The pair pulled back towards the 1.1650 level from the weekly top of 1.1730, as the dollar slightly rebounded. However, the cooling US yield, with the 10-year treasury falling below 4%, weighed on the dollar.
From France, PM Sebastian Lecornu’s survival of two no-confidence votes and the delay in pension reforms have calmed the political upheaval. Still, the French government has been making attempts to advance a strict year-end budget through parliament. If it’s successful, it could revive volatility and limit the euro.
The ongoing US-China trade frictions are also a key global risk factor to consider. Any further pressure could cap euro gains and trigger safe-haven demand for the dollar.
This persistent instability has dampened investor confidence and strengthened expectations for further Fed easing, which could likely weaken dollar growth.
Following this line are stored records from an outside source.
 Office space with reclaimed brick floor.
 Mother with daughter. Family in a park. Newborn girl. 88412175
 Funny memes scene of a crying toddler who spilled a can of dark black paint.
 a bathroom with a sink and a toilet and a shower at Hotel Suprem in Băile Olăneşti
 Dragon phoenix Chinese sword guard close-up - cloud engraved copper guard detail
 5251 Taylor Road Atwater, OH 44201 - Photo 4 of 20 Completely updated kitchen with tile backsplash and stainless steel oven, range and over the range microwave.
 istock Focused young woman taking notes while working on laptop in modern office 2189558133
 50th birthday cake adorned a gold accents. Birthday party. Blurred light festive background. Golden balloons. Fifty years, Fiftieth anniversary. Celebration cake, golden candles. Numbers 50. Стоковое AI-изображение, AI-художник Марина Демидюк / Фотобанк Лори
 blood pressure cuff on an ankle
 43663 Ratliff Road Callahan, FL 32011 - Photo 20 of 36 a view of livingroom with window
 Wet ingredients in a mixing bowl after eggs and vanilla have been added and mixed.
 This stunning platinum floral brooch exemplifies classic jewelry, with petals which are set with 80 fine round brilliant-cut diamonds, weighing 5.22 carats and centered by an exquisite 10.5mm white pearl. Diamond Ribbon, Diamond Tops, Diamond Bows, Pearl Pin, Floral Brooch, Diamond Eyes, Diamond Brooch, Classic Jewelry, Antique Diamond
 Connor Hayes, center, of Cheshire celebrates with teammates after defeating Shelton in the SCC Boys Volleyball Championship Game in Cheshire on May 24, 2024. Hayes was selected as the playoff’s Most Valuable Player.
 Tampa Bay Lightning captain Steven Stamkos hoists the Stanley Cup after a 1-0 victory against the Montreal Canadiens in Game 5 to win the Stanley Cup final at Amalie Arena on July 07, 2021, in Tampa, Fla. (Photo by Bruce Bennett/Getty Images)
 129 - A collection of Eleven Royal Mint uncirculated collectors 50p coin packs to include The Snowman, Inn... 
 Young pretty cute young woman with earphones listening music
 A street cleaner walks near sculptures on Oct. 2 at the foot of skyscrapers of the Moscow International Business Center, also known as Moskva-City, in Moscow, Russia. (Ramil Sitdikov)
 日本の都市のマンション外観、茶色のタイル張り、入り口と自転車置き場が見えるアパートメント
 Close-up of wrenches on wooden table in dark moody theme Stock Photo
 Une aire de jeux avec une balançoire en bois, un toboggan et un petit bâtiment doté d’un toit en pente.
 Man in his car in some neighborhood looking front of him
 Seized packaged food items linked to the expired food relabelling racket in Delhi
Meanwhile, any easing in Europe’s fiscal challenges and risk sentiment could cause the euro to recover.
EUR/USD Key Events Next Week
The major key events in the coming week include the following:
- Initial Jobless Claims
- Continuing Jobless Claims
- Consumer Price Index
- Eurozone PMIs
- US PMIs
Traders will continue to await the initial and continuing jobless claims and consumer price index next week for insights into expectations of Fed rate cuts and the economic outlook. However, the primary focus will remain on the PMI readings to gauge the business activity in both the US and Europe.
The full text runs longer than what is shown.